Die Partei für Gerechtigkeit und Aufschwung konnte jedenfalls mit der Parole „Sicherheit für die Türkei“, im Gegensatz zu der ersten Runde der Parlamentswahlen im Sommer, bei den Parlamentswahlen im November die Mehrheit der Mandate in der Legislative für sich bestimmen.
Die türkischen Beziehungen zum Ausland erlebten im vergangenen Sonnenjahr 1394 einen größeren Wandel und deshalb wurde dieses Land von seinen Nachbarn isoliert. Daraufhin verspürte Ankara Gefahr und war wie nie zuvor bemüht, sich den Ländern des Kooperationsrates am Persischen Golf und seinen westlichen Verbündeten zu nähern. Nicht ohne Erfolg. Die Türkei konnte nahen Kontakt an Saudi Arabien, welches als ein wichtiger politischer und wirtschaftlicher Staat in der Region gilt, anknüpfen.

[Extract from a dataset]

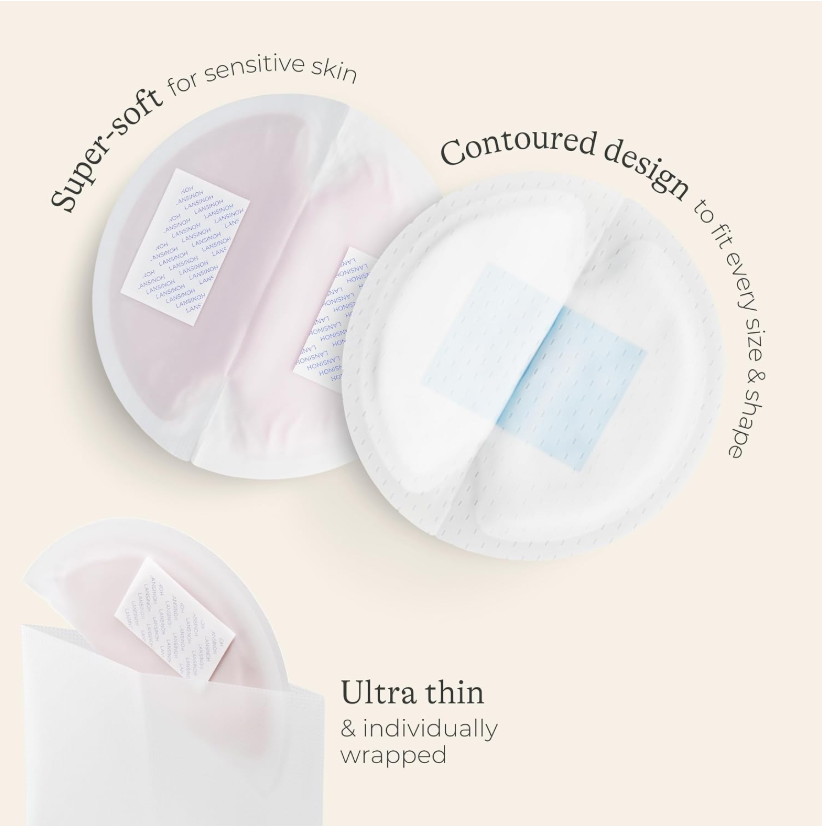 Disposable Breast Pads - 100 Pack - Leakproof & Ultra Thin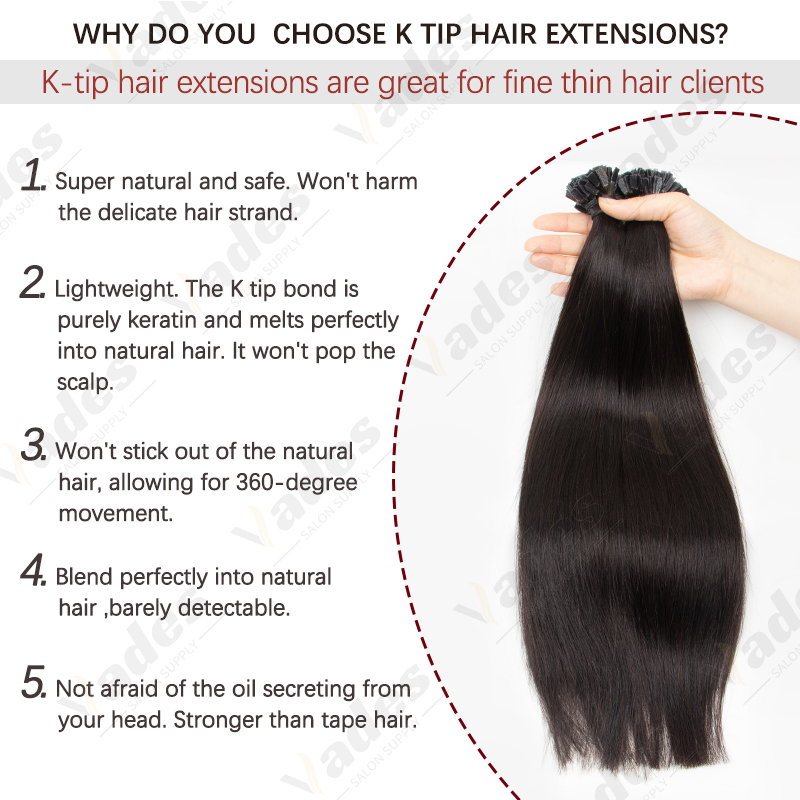 MRS HAIR 50G K Tip Hair Extens - đánh giá và giá Nail Art Ombre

Wegen der zahlreichen Probleme, die die Türkei 1394 mit seinen Nachbarn hatte, tendierte Ankara zur Unterstützung der takfiristischen Gruppen und zur Ablehnung der Länder, die die Regierung von Baschar Assad unterstützen. Dies führte sogar zum Abschuss der Suchoi 24 der russischen Armee durch die Luftstreitkräfte der Türkei und die Trübung der türkisch-russischen Beziehungen.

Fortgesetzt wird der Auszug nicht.